3. Con l’ultimo motivo si deduce la violazione di legge e dei principi di diritto (artt. 114, 115 e 118 disp. att. c.p.c.) in relazione all’applicazione del D.Lgs. n. 165 del 2001, art. 52. In pratica, si vuol sostenere che nella fattispecie non troverebbero applicazione i commi 4 e 5 di quest’ultima norma in materia di retribuibilità dell’espletamento di fatto delle mansioni superiori in quanto l’esercizio delle stesse sarebbe dipeso nel caso in esame da un formale provvedimento dell’amministrazione, con conseguente possibilità di riconoscimento del superiore inquadramento. Il motivo, che come è dato vedere contiene la denunzia di norme di legge, è, tuttavia, inammissibile in quanto a conclusione dello stesso non è formulato il prescritto quesito di diritto di cui all’art. 366-bis c.p.c. Si è, infatti, statuito (Cass. Sez. Lav. n. 4556 del 25/2/2009) che “l’art. 366-bis cod. proc, civ., nel prescrivere le modalità di formulazione dei motivi del ricorso in cassazione, comporta, ai fini della declaratoria di inammissibilità del ricorso medesimo, una diversa valutazione da parte del giudice di legittimità a seconda che si sia in presenza dei motivi previsti dall’art. 360 c.p.c., comma 1, nn. 1, 2, 3 e 4, ovvero del motivo previsto dal n. 5 della stessa disposizione. Nel primo caso ciascuna censura deve, all’esito della sua illustrazione, tradursi in un quesito di diritto, la cui enunciazione (e formalità espressiva) va funzionalizzata, come attestato dall’art. 384 cod. proc. civ., all’enunciazione del principio di diritto ovvero a “dieta” giurisprudenziali su questioni di diritto di particolare importanza, mentre, ove venga in rilievo il motivo di cui all’art. 360 cod. proc. civ., n. 5 (il cui oggetto riguarda il solo “iter” argomentativo della decisione impugnata), è richiesta una illustrazione che, pur libera da rigidità formali, si deve concretizzare in una esposizione chiara e sintetica del fatto controverso – in relazione al quale la motivazione si assume omessa o contraddittoria – ovvero delle ragioni per le quali la dedotta insufficienza rende inidonea la motivazione a giustificare la decisione.” Il ricorso va, pertanto, rigettato.

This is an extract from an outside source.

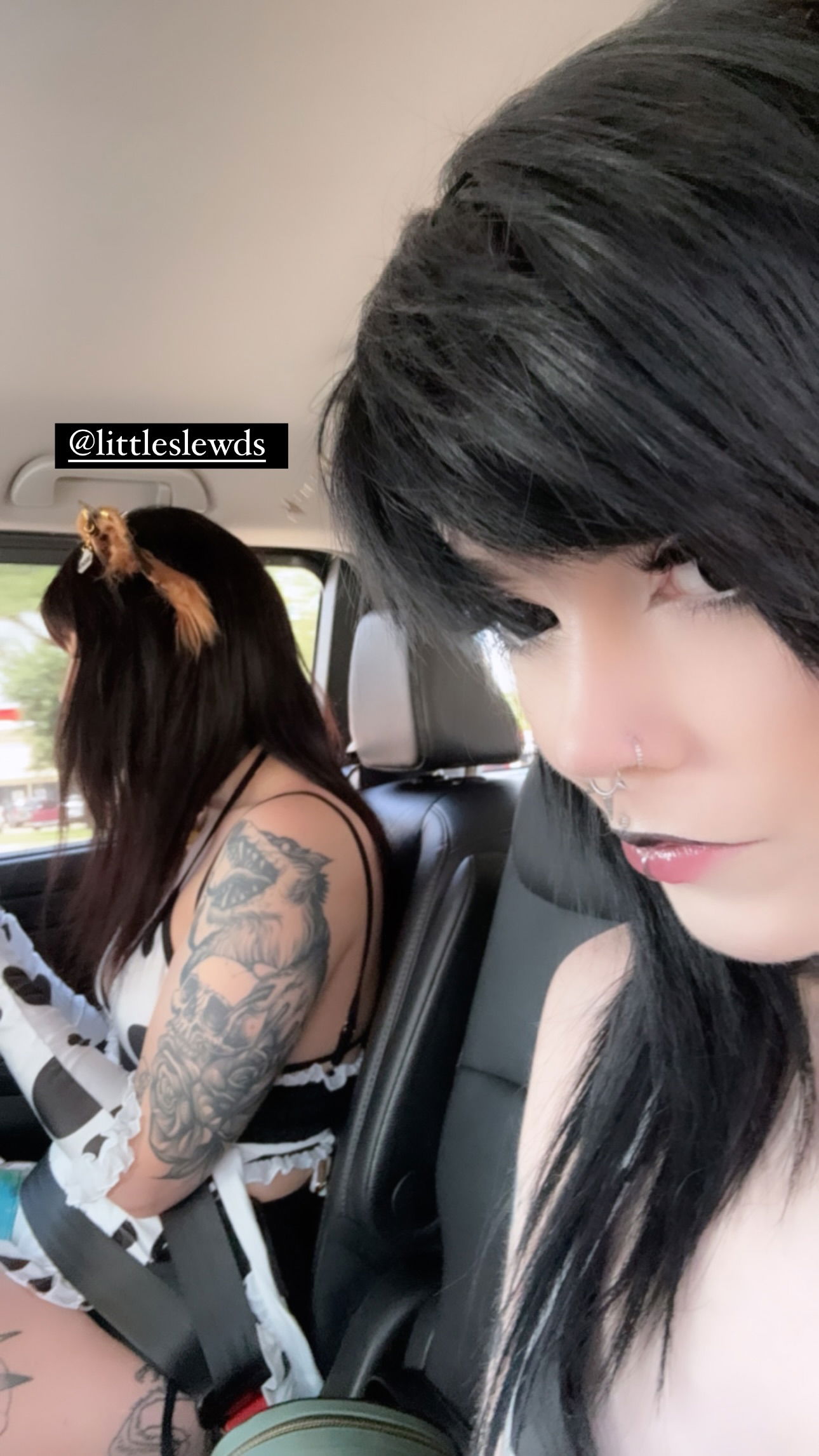 iamm3dusa instagram image archive image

Le spese del presente giudizio seguono la soccombenza del ricorrente e vanno poste a suo carico nella misura liquidata come da dispositivo.

P.Q.M.

La Corte rigetta il ricorso e condanna il ricorrente alle spese del presente giudizio nella misura di Euro 2000,00 per onorario, oltre Euro 30,00 per esborsi, nonchè IVA, CPA e spese generali ai sensi di legge.

Così deciso in Roma, il 13 luglio 2011.